Al poco tiempo de nuestro arribo, Jorge Ibáñez llegó con su mascota de un blanco puro nieve entre sus brazos y celular en mano, comenzó a dar directivas para saciar las demandas de las mujeres que parecían requerirlo todas juntas.
Ya más tranquilo, con una señal de su brazo en alto, nos comunica que nos acerquemos para dar inicio a la entrevista. Ahora nuestro artista respira aliviado mientras nos invita a sentarnos a su lado en el elegante sillón principal del amplio show room.
K - Este año 2007 es un año clave en tu carrera, cumplís quince años junto a la moda de alta costura vistiendo a las mujeres más glamorosas del país…

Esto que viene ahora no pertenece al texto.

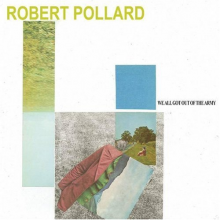 Robertpollard - We All Got Out of the Army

J - Efectivamente, el 2007 es un año muy especial porque hace como vos decís, quince años que empecé con la moda, arranqué desde muy chico, a los veintidós. Fueron años de felicidad, de hacer lo que me gusta, lo cual no es algo menor. Es lo que más placer me da, te diría que me dedico a full. En este local empezamos en mayo del ’92 y a los dos meses ya estaba vistiendo a Mirtha Legrand, a los tres meses a Susana Giménez, para mí… imaginate, siendo tan jovencito… era como realizar un sueño increíble.

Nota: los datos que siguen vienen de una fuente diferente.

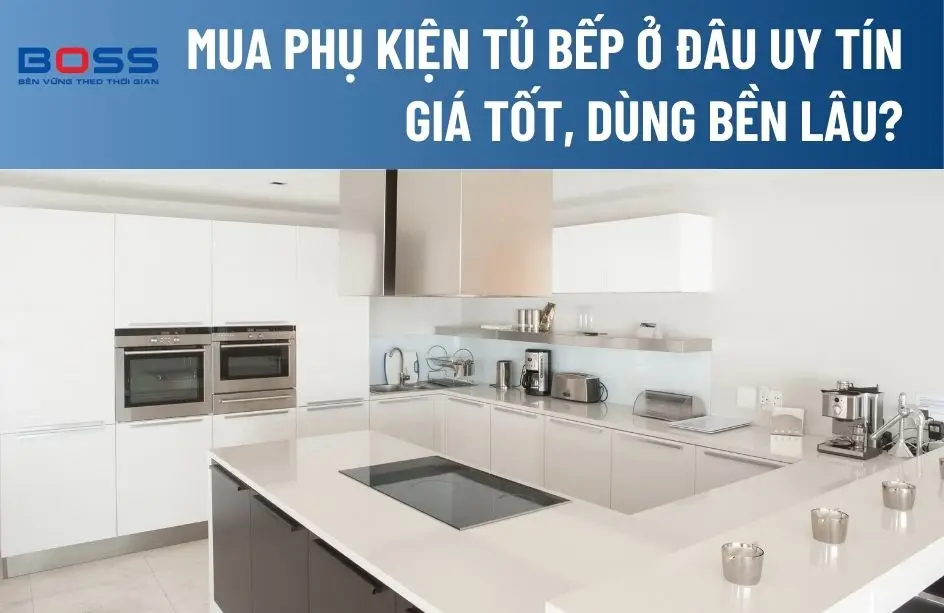 Mua phụ kiện tủ bếp ở đâu uy tín, giá tốt, dùng bền lâu?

K - ¿Cómo fue que en tan corto tiempo llegaste al acceso directo de las divas más glamorosas de Argentina?
J - Fue muy curioso, Mirtha Legrand una noche, acá a media cuadra de mi local, tuvo un evento, una exposición, pasó por la puerta, vio un vestido en mi vidriera y le gustó. Un jueves vino su asistente de vestuario y me dijo: “Mirtha Legrand pasó anoche por acá y le encantaría vestirse con usted”, yo le respondí “bueno, perfecto ¿cuándo viene?”, “mañana”, me contestó. Yo no tenía medidas de ella ni nada, se las saqué a ojo, vino a probarse el viernes y el lunes empecé a trabajar con ella. Y nunca, hasta el día de hoy, ya hace quince años de esto, le he tomado las medidas, le pruebo todo y le queda perfecto. Así empecé. A los seis meses hice mi primer desfile, acá mismo en mi Maison, puse una pasarela con sillas a los costados y en primera fila estaban sentadas Mirtha Legrand, Susana Giménez, Graciela Borges. Modelaron las siete top del momento que eran Mariana Arias, Carolina Peleritti, Daniela Cardone, etc. y ya la revista Caras y otras sacaban páginas enteras de ese evento realizado por un chico de veintidós. Y al año hice mi primer gran desfile en el Hotel Alvear. Fue una carrera vertiginosa y al día de hoy te puedo decir que lo sigue siendo, porque mi vida es así; le pongo garra, pasión, obviamente que en estos quince años también tuve momentos adversos, pero los superé rápidamente.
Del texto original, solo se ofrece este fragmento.